2.H: Do branch instructions that test the destination register of a previous ALU instruction work properly? Do branches that test the destination register of a previous LD instruction work properly?

2.I: How many branch delay-slots are needed for the 3-stage pipeline of the Sintel-8 (Notice that there is no logic to insert NOPs after a branch)?

2.J: Ben notices that by adding a third read port and a second write port to the register file that the datapath of the Sintel-8 can simulteously issue a load instruction along with a standard ALU instruction. Assume that this modification is made and that the instruction fetch logic is modified to allow for the fetching of multiple instructions. Describe the conditions that permit a load instruction to be correctly executed simultaneously with the ALU instruction that preceeds it. What conditions allow a load instruction to be correctly executed simultaneously with an ALU instruction that follows it?

2.K: Write PUSH(Rx) and POP(Rx) macros for the Sintel-8.

Problem 3: (Noncollaborative - work alone)

Quickly the word spreads throughout Sintel about Ben’s amazing accomplishments. Soon he is transferred to the team designing the memory-interface subsection of the Sintel-8. There he meets his new supervisor Anita Cash. Anita explains that the Sintel-8 has been allocated 4096 words of storage for the on-chip data cache. She explains to Ben that his job is to prepare a report for her managers that explains how many total bits of memory are required to implement various cache options.

3.A: Assuming that the entire 32-bit address space of the Sintel-8 is cacheable, how many total additional bits of memory are required to implement the address tags of a direct-mapped cache with a line size of 1 word? How many bits are required if the line size is increased to 4 words? Suppose that a 4-way set associative cache is implemented instead of a direct-mapped cache. How many address-tag bits are required if a 1-word line is used? How many address-tag bits are needed if a 4-word line is used?

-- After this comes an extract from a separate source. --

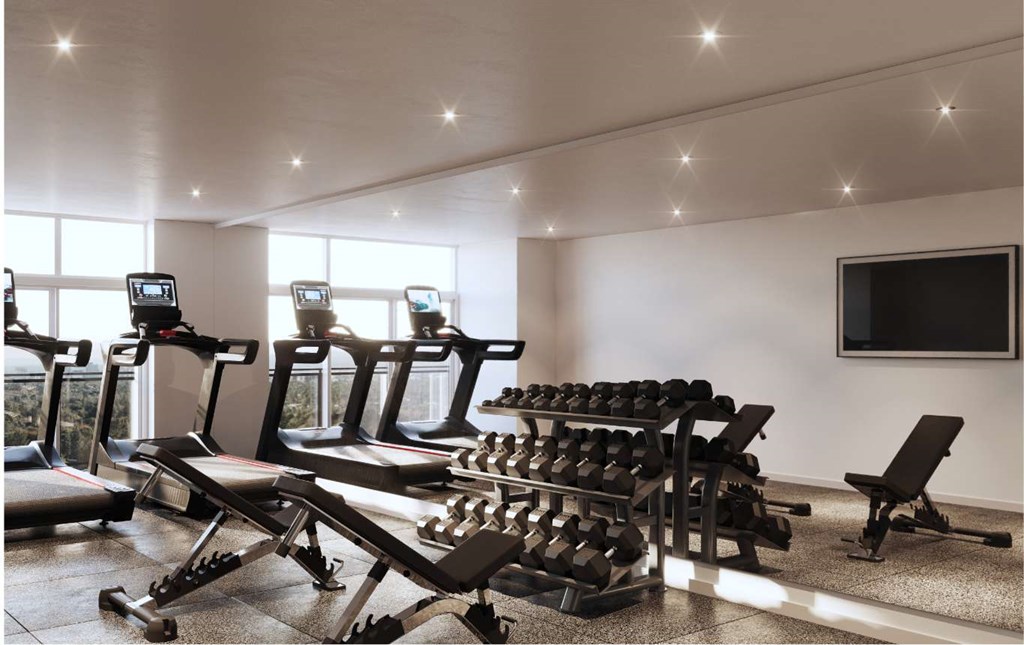 Gym at Ophelia on Queen, Ontario, N2G 0E7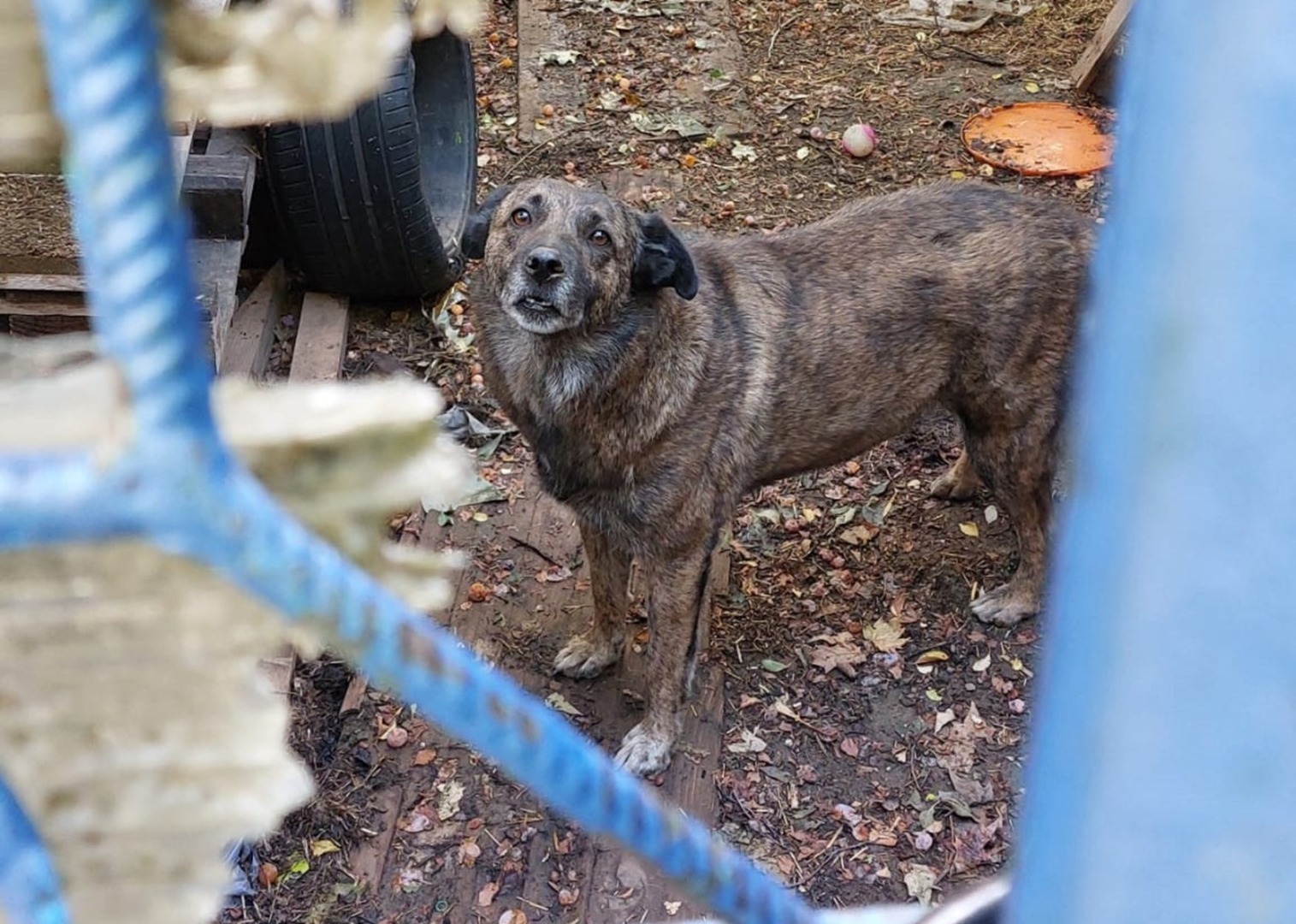 Câine în spatele unui gard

3.B: Anita then points out that the number of memory bits in the cache also depends on the replacement strategy used by the 4-way set associative cache. How many additional bits are needed to implement a first-in-first-out (FIFO) cache-line replacement policy? What is the minimum number of bits required to implement a least-recently-used (LRU) cache line replacement policy? How many bits must be added to the cache to implement a random cache line replacement policy? Explain each answer.

After ten seconds of presentation and an apparent weighing of the report produced by Ben and Anita the upper management team decided that the Sintel-8 should have a 4-way associative cache with LRU replacement. The word from the grapevine was that the upper management team had misunderstood Anita to say “foray” when describing the cache options, and they opted for the more aggressive sounding of the two approaches (The fact is the grapevine was, as it often is, slightly inaccurate. The management actually believed Anita to be discussing a “Fourier” set-associative cache). Nonetheless, the design of the cache-line replacement logic fell to Ben.

Ben decided to use an old-trick that he remembered from a ADU problem set. He decided to represent the state of the cache using a comparison table as shown below:

Set 2 / Set 3 / Set 4
Set 1 / 1 / 0 / 1
Set 2 / 0 / 0
Set 3 / 1

A “1” entry in the table indicates that the set identified by the row has been accessed more recently than the set specified by the column.

3.C: What is the current state of the cache according to the given table? In other words what is the relative ordering of the sets according to their most recent use. How many more bits does Ben’s solution require over an optimal encoding of orderings?

3.D: Describe an algorithm for updating the comparison table in the case of a cache-line hit to a given set.

3.E: Describe a circuit for determining the least-recently used set in the case of a cache miss.